Listen to our latest podcast right here:

Be Data Literate Part 1: Understanding How Aggregated Data Misleads Management

Contributor: Editorial Staff
Posted: May 15, 2017

data

This is Part 1 of a series on data literacy for managers. For more, read Part 2.

For any manager looking to flex their leadership acumen, he or she must not only be able to read data, but have the ability to detect the forces that skew the accuracy of its results as well. 

Many journalists are not ever aware of it. Neither is corporate America. National magazines deny its existence. And public service organizations think it’s a process by which to extend the shelf life of milk. 

It is called homogeneity. 

This may sound intimidating, but it’s not. Hang in there! It’s worth the effort. Understanding the basics of homogeneity may help you reach the next level of truly effective management.  
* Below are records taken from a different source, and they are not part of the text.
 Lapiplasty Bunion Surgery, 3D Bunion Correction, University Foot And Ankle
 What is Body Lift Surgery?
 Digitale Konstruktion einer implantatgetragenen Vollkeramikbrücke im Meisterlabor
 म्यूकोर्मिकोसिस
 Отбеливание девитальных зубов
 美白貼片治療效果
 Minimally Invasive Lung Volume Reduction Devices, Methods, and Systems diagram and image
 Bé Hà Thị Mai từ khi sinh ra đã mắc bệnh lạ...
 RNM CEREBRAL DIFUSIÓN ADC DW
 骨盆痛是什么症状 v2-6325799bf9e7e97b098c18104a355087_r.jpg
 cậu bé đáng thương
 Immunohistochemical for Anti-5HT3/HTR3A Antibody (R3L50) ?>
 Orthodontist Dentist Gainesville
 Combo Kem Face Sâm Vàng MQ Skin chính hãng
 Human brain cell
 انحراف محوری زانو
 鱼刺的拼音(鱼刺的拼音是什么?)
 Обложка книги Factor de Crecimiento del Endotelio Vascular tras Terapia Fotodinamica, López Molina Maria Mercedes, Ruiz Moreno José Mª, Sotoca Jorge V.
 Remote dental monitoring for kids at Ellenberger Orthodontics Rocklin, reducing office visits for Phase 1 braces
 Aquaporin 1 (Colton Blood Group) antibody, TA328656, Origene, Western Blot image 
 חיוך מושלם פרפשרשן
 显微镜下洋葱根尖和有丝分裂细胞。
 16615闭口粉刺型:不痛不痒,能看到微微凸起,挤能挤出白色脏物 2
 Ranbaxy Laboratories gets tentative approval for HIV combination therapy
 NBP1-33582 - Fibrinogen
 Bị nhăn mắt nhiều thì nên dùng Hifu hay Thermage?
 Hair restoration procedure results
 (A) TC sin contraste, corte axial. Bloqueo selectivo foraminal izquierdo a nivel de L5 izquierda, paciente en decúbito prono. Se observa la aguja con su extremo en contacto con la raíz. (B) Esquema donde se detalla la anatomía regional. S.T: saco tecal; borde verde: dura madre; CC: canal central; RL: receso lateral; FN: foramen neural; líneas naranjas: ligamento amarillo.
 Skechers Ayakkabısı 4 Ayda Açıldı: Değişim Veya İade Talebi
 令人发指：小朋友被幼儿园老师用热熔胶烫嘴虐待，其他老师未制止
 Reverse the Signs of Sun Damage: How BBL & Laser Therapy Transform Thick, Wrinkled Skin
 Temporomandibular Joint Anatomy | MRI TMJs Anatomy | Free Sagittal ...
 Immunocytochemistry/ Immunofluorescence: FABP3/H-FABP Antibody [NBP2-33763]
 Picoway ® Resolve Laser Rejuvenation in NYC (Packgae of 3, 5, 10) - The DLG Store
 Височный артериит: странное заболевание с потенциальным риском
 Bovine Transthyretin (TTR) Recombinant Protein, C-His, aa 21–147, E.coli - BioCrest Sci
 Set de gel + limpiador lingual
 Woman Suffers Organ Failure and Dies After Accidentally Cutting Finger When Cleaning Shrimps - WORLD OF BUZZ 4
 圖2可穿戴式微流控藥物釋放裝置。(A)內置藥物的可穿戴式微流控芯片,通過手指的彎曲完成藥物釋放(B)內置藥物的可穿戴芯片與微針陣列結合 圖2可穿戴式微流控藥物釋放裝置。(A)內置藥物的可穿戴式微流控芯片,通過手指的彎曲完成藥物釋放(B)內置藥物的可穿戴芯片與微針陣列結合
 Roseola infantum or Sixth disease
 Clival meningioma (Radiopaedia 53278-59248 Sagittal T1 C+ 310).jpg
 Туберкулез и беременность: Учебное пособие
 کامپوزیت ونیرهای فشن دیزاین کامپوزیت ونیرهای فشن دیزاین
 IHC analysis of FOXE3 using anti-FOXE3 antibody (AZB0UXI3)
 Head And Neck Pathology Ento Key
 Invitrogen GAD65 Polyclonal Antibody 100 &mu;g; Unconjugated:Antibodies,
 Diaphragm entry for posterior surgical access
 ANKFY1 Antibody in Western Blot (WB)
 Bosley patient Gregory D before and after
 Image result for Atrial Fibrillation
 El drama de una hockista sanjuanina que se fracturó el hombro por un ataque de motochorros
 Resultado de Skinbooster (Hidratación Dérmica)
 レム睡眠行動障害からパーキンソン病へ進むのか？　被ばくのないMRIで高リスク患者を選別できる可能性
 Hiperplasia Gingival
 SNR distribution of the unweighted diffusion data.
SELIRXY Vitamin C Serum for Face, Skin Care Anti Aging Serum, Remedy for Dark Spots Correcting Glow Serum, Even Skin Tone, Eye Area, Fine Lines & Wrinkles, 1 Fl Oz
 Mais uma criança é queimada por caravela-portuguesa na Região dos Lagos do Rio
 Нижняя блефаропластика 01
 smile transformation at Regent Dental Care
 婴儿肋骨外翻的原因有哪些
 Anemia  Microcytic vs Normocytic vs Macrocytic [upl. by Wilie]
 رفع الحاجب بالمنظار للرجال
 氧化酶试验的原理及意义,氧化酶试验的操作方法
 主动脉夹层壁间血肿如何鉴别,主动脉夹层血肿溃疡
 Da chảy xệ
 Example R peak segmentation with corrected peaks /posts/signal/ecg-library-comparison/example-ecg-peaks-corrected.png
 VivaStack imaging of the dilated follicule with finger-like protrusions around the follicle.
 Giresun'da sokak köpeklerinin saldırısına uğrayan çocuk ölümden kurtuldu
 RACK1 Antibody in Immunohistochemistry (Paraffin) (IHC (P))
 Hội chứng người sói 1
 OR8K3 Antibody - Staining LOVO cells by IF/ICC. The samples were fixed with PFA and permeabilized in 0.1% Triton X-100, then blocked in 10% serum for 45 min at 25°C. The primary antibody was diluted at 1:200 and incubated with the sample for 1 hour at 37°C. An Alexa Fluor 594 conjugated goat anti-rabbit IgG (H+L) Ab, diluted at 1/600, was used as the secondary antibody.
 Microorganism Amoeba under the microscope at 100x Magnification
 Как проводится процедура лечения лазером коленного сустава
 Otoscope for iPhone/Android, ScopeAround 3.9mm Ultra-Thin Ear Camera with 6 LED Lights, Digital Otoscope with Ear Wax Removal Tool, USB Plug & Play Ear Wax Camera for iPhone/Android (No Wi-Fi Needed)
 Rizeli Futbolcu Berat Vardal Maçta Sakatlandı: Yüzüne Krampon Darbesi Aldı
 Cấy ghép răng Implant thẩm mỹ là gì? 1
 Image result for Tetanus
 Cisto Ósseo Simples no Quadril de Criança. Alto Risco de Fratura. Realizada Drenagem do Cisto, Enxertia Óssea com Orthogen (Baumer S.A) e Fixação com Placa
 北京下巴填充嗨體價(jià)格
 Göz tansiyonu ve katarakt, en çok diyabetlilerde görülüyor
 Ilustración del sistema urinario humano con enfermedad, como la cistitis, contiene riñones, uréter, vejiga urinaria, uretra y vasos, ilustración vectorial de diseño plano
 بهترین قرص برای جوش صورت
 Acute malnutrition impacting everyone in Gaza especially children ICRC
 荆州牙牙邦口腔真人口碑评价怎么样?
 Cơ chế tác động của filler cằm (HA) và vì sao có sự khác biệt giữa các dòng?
Simply put, homogeneity of data refers to whether or not the total data set from which measurements were computed conceals important differences between or among what statisticians call "rational subgroups or just plain subgroups." (Trust me when I say this definition will make sense by the end of this article.) 

Breaking Down Homogeneity 

To understand homogeneity, you must first understand what the term "aggregation" means. Again, stay with it! 

The degree of aggregation in data refers to the level of detail or refinement in data. A high level of aggregation conceals differences between and among subgroup categories. 

In order to reach the correct state of "homogeneity" with respect to your data you must "disaggregate" your data in an appropriate fashion. 

Memorize this. A high level of aggregation conceals differences between and among subgroup categories. Should we say it again? We should. It will soon make sense - guaranteed! 

But just memorize it for now! Got it? If so, continue reading. 

What's a Subgroup? 

Let's start with a very simple example. Suppose someone in your office decides to calculate the average weight of all office employees. 

Average weight is a measurement. The data collector makes no distinction between men and women. 

He/she simply gets everybody's weight, adds up the total weight, and divides by the number of employees (total weight/total number of employees). 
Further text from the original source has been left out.